▸ TASK:
Each record that follows is to be reproduced character for character, pictures excepted.

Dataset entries
:::
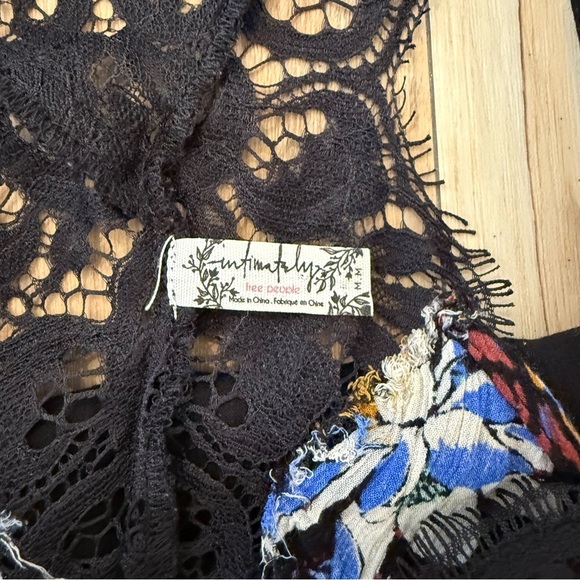 Free People Who's Sorry Now Slip Dress Size Medium - Picture 10 of 12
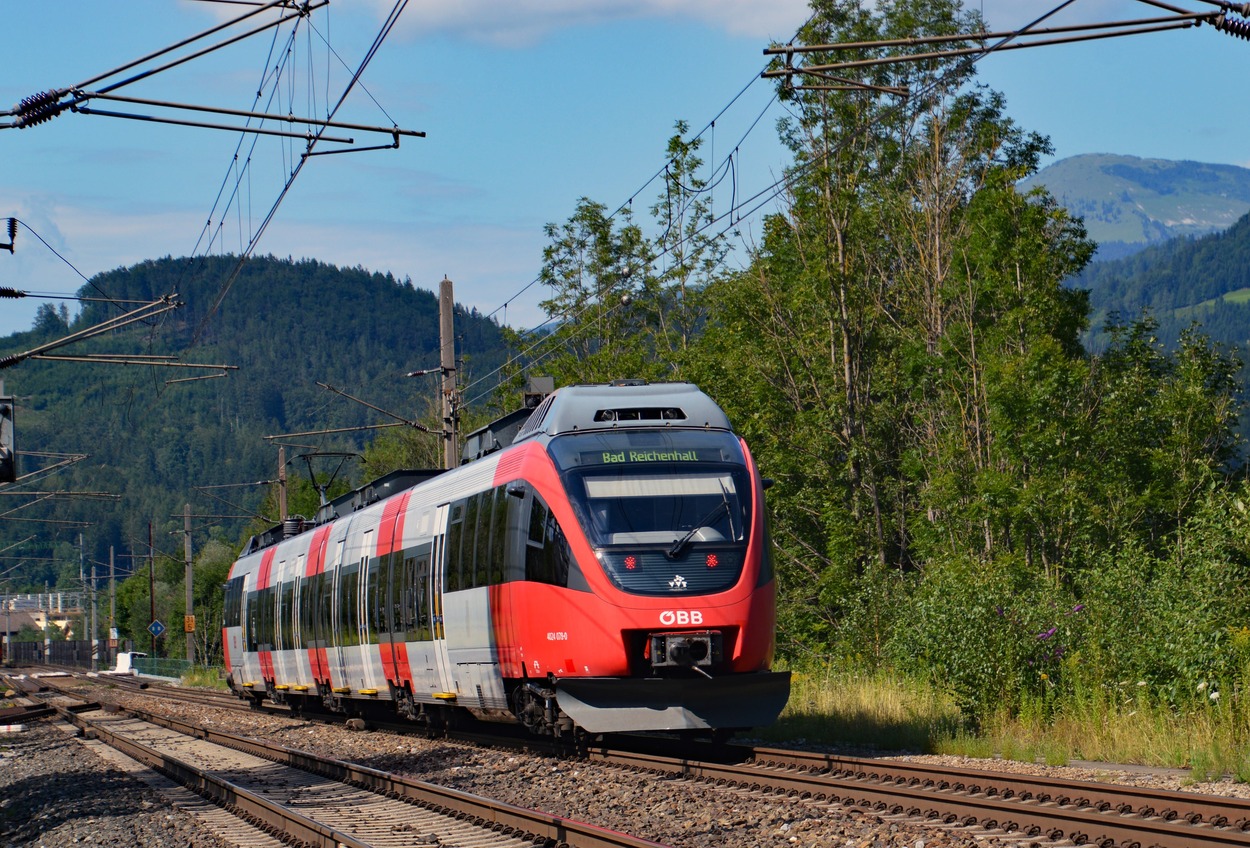 Bahnhof "Paß Lueg"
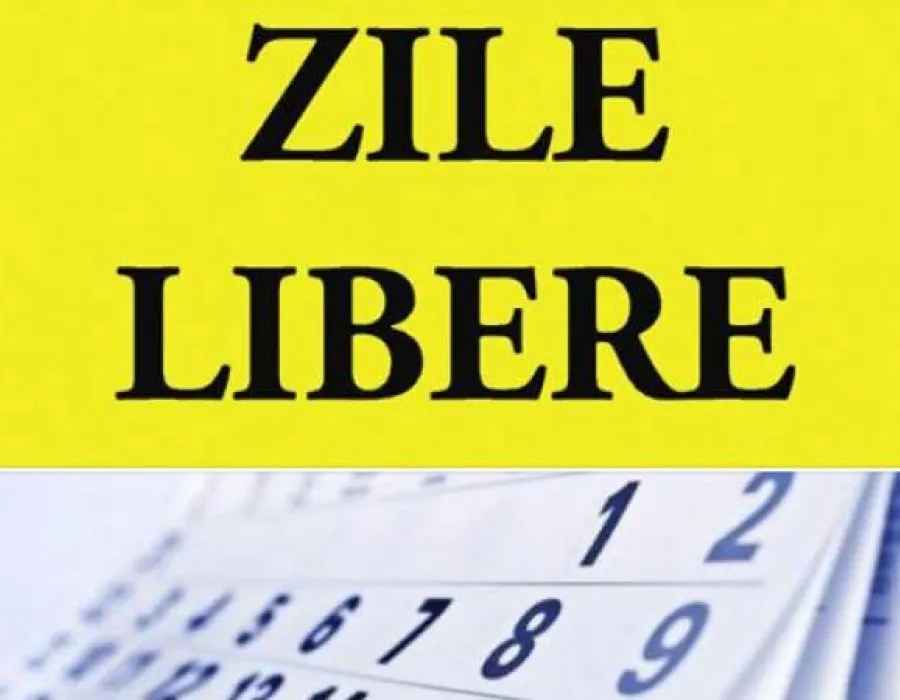 Foto ZILE LIBERE 2015: Bucurie pentru angajaţi, MINIVACANŢĂ DE patru zile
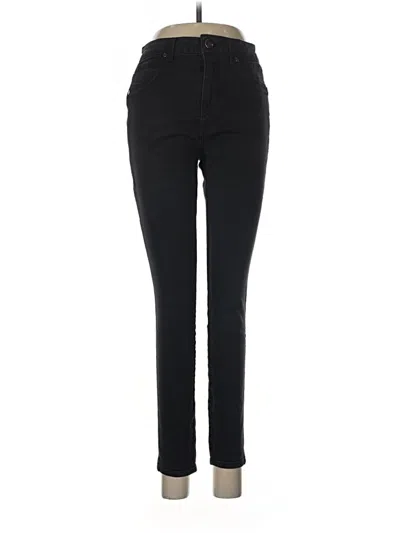 Pre-owned 1822 Denim Jeggings In Black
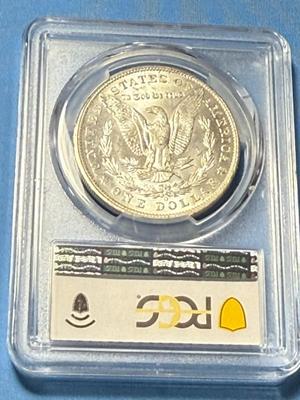 PCGS CERTIFIED 1904-O MS64 MORGAN SILVER DOLLAR AS PICTURED.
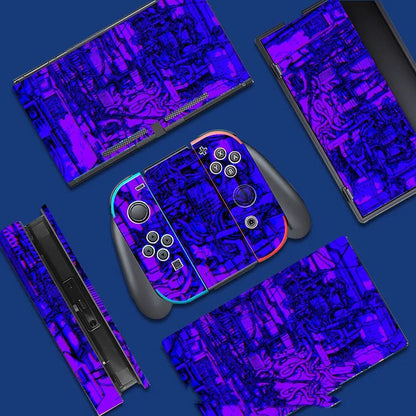 All - Inclusive Game Console Stickers - Catch Cards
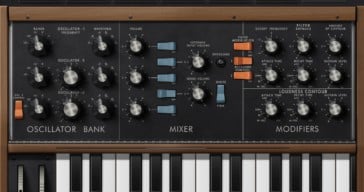 Minimoog Model D Synthesizer by Moog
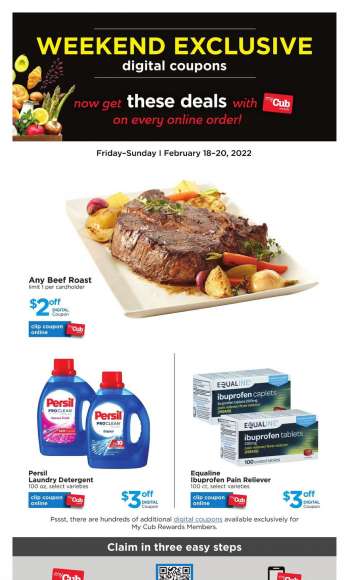 Cub Foods Flyer - 02/18/2022 - 02/20/2022.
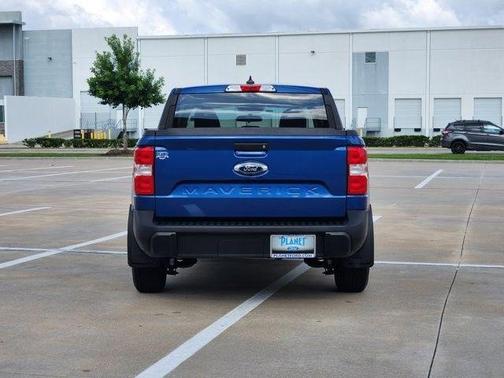Blue Metallic 2024 Ford Maverick XL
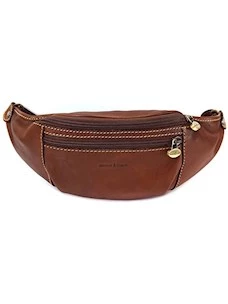 Marsupio in cuoio Gianni Conti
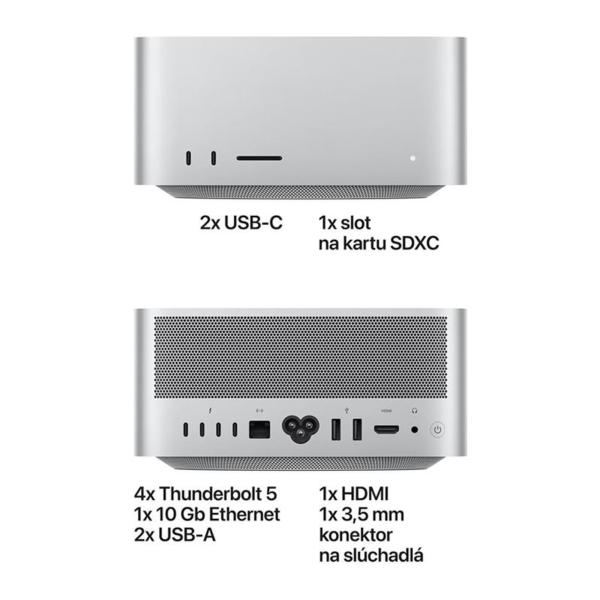 Apple Mac Studio/ Mini/ M5 Max/ 36GB/ 512GB/ M5 Max/ macOS/ 1R 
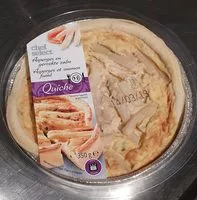 Mängden socker i Quiche Asperges et Saumon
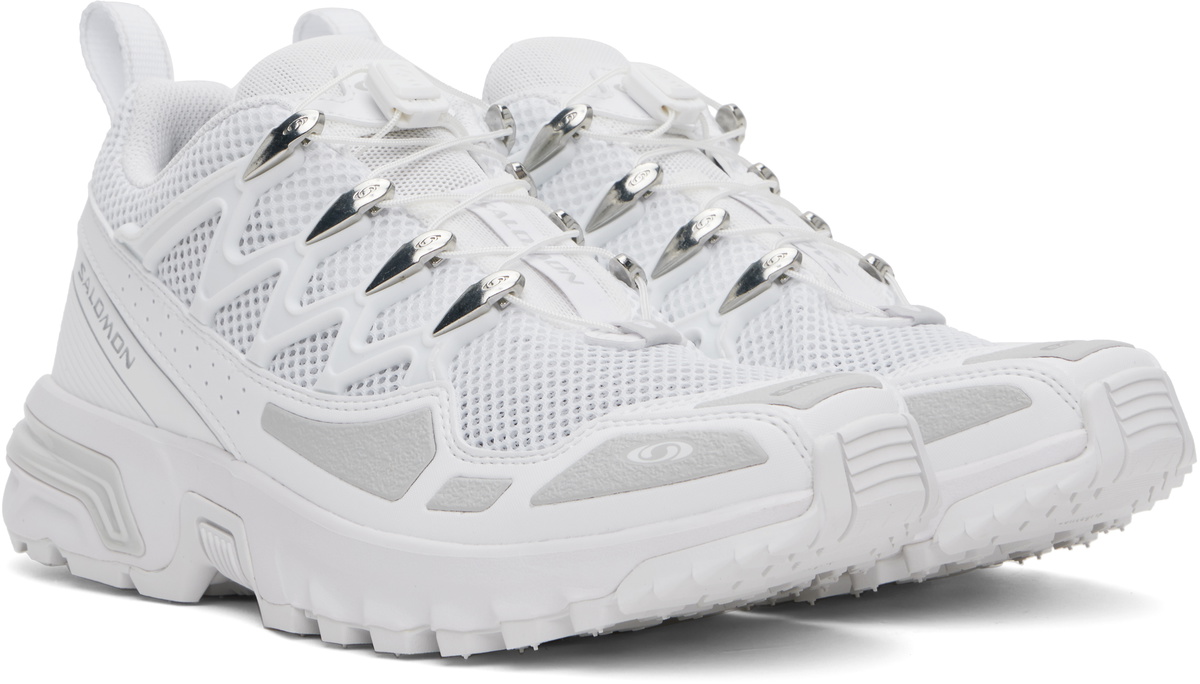 スニーカー Salomon Acs + Og Sneakers - SALOMON - Synthetic - White Salomon White ACS + OG Sneakers Salomon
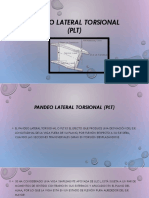 Pandeo Lateral Torsional (PLT)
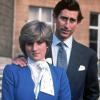 Im Februar 1981 geben Prinz Charles und Lady Diana Spencer in den Gärten des Buckingham Palace ihre Verlobung bekannt.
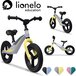 Lionelo Bart Tour Loopfiets - Grey Stone - 2-5 Jaar - Verstelbaar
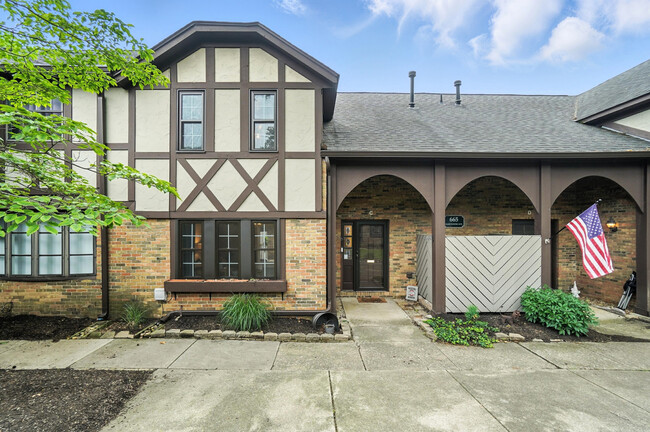 property at 665 Olde Towne Ave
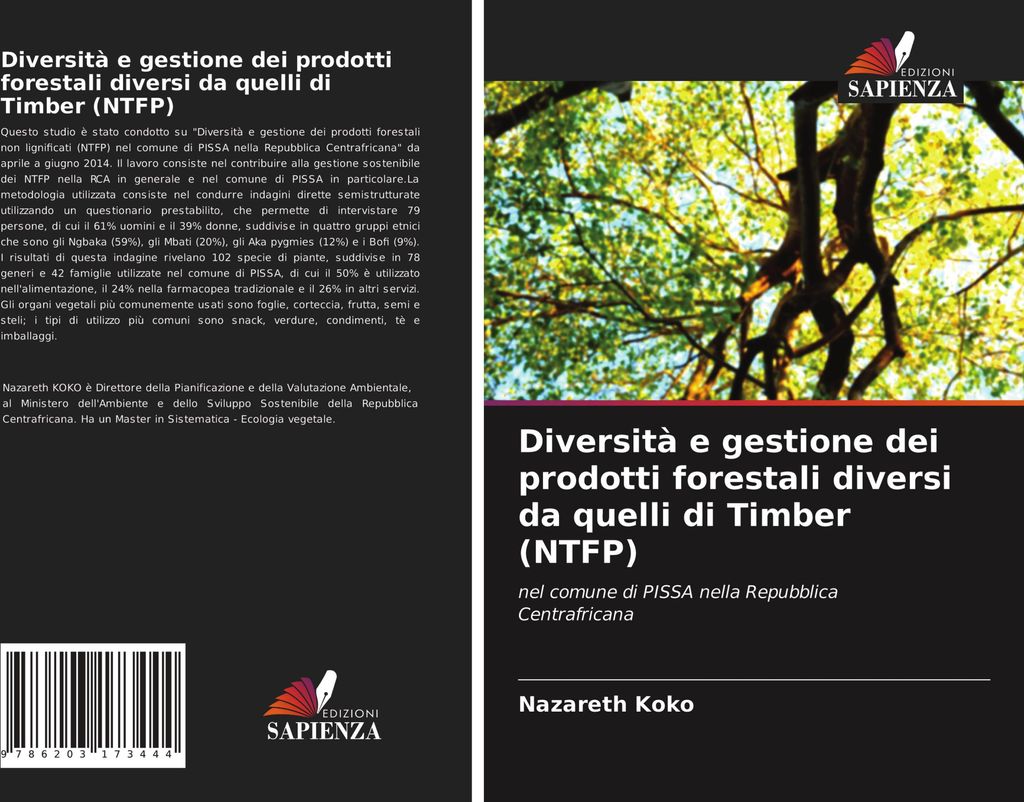 Diversità e gestione dei prodotti forestali diversi da quelli di Timber (NTFP)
:::
▸ EXERCISE RESPONSE:
 Free People Who's Sorry Now Slip Dress Size Medium - Picture 10 of 12
 Bahnhof "Paß Lueg"
 Foto ZILE LIBERE 2015: Bucurie pentru angajaţi, MINIVACANŢĂ DE patru zile
 Pre-owned 1822 Denim Jeggings In Black
 PCGS CERTIFIED 1904-O MS64 MORGAN SILVER DOLLAR AS PICTURED.
 All - Inclusive Game Console Stickers - Catch Cards
 Minimoog Model D Synthesizer by Moog
 Cub Foods Flyer - 02/18/2022 - 02/20/2022.
Blue Metallic 2024 Ford Maverick XL
 Marsupio in cuoio Gianni Conti
 Apple Mac Studio/ Mini/ M5 Max/ 36GB/ 512GB/ M5 Max/ macOS/ 1R 
 Mängden socker i Quiche Asperges et Saumon
 スニーカー Salomon Acs + Og Sneakers - SALOMON - Synthetic - White Salomon White ACS + OG Sneakers Salomon
 Pandeo Lateral Torsional (PLT)
 Im Februar 1981 geben Prinz Charles und Lady Diana Spencer in den Gärten des Buckingham Palace ihre Verlobung bekannt.
 Lionelo Bart Tour Loopfiets - Grey Stone - 2-5 Jaar - Verstelbaar
 property at 665 Olde Towne Ave
 Diversità e gestione dei prodotti forestali diversi da quelli di Timber (NTFP)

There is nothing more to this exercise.